When most people read this headline, they would expect the following story to be about injury, death and loss. They may also be prepared to bemoan the Young Offenders Act and its ineffectiveness at controlling young members of our community. This is a very different story.

Leandra is a 17-year-old high school student in Lethbridge. She is a very nice young lady. She is not the top of her class academically. She is not allowed to participate in the highly competitive sports activities at her school because she didn’t make the “cut”. Leandra is a very nice young lady who is now actively involved in the safe, responsible use of guns.

Leandra and her parents have taken a firearm safety course called the “Black Badge” course. This course is specifically designed for teaching people to shoot International Practical Shooting Confederation (IPSC) matches. The course is intense and for safety’s sake the format is very rigid. However, once the safety and responsible use aspects are adopted fully, participating is all just fun and exciting!

Leandra, and her parents, now enjoy participating in IPSC matches. There are no “cuts” in shooting. Everyone can participate and compete to the level of their ability.

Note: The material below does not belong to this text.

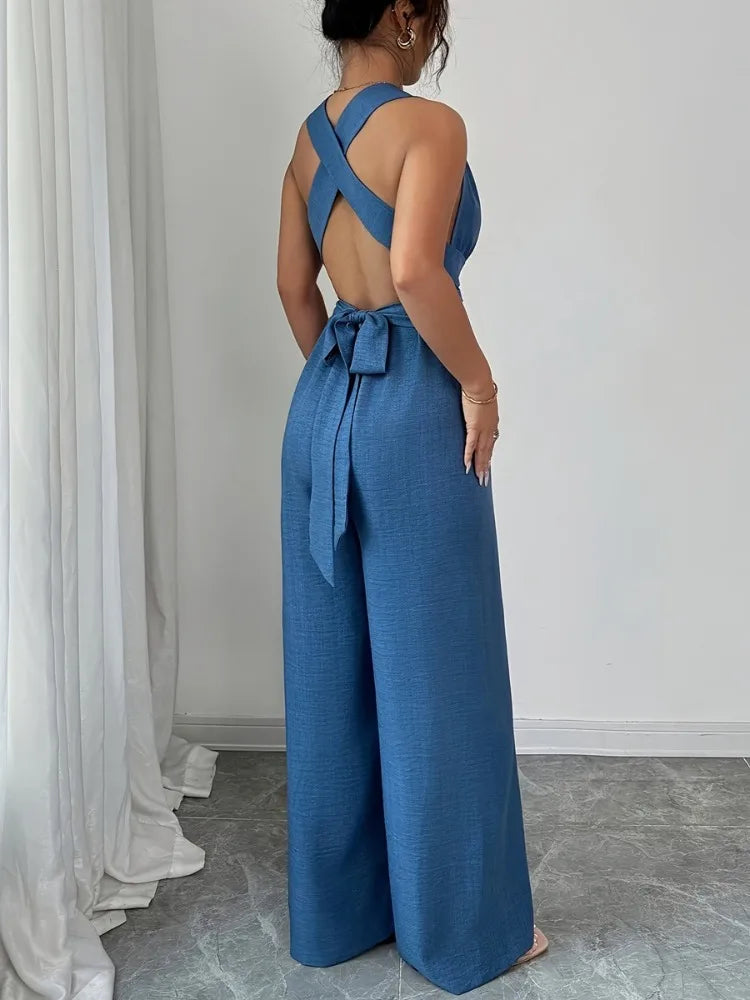Fabienne | Eleganter Damen Jumpsuit mit weitem Bein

From a competitive aspect, Leandra is really competing against herself. On the firing line, from a responsibility aspect, she is equal to every other participant. No titles, (Doctor, lawyer, etc) have any use or validity at the shooting range.

A firearm is often thought of as an implement of destruction, which can only render heartache, injury and death. In Leandra’s case, her firearm is a tool to personal development, responsibility, growth and fun.

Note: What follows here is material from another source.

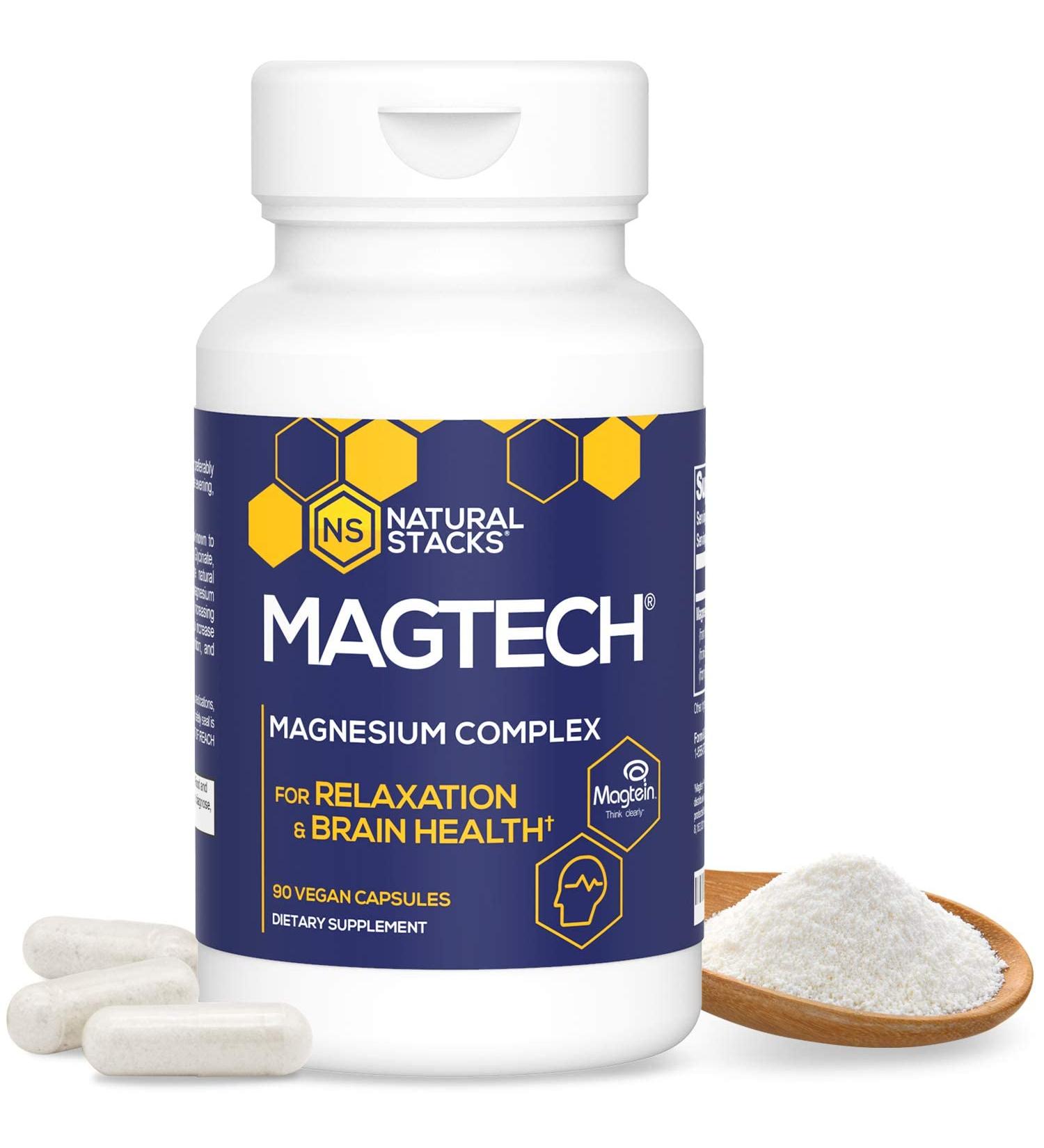 Natural Stacks MagTech: Triple-Blended 100% Chelated Magnesium Supplement with Magtein, Glycinate, and Taurate for Memory, Sleep, and Muscle Recovery - 90caps - Buy Online on GoSupps.com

As an added bonus, her high school is willing to give her credit towards her high-school diploma for participating and successfully mastering the safe, responsible use of firearms. Perhaps this is the sort of proactive approach which would eliminate those negative stories of inappropriate firearm use.

All Alberta high schools allow students to apply for special credits. If the course of studies meets the high school’s criteria, the student receives five credits towards her high school diploma. In Leandra’s case, her proposal was as follows;

Instruction in the safe use of a handgun during practices held once a week. This includes the setting up of a course of fire, scoring and the practice of improving her marksmanship. Time commitment – Approximately 50 hours.

The Successful completion of the IPSC Black Badge Course. Time commitment – Approximately 20 hours.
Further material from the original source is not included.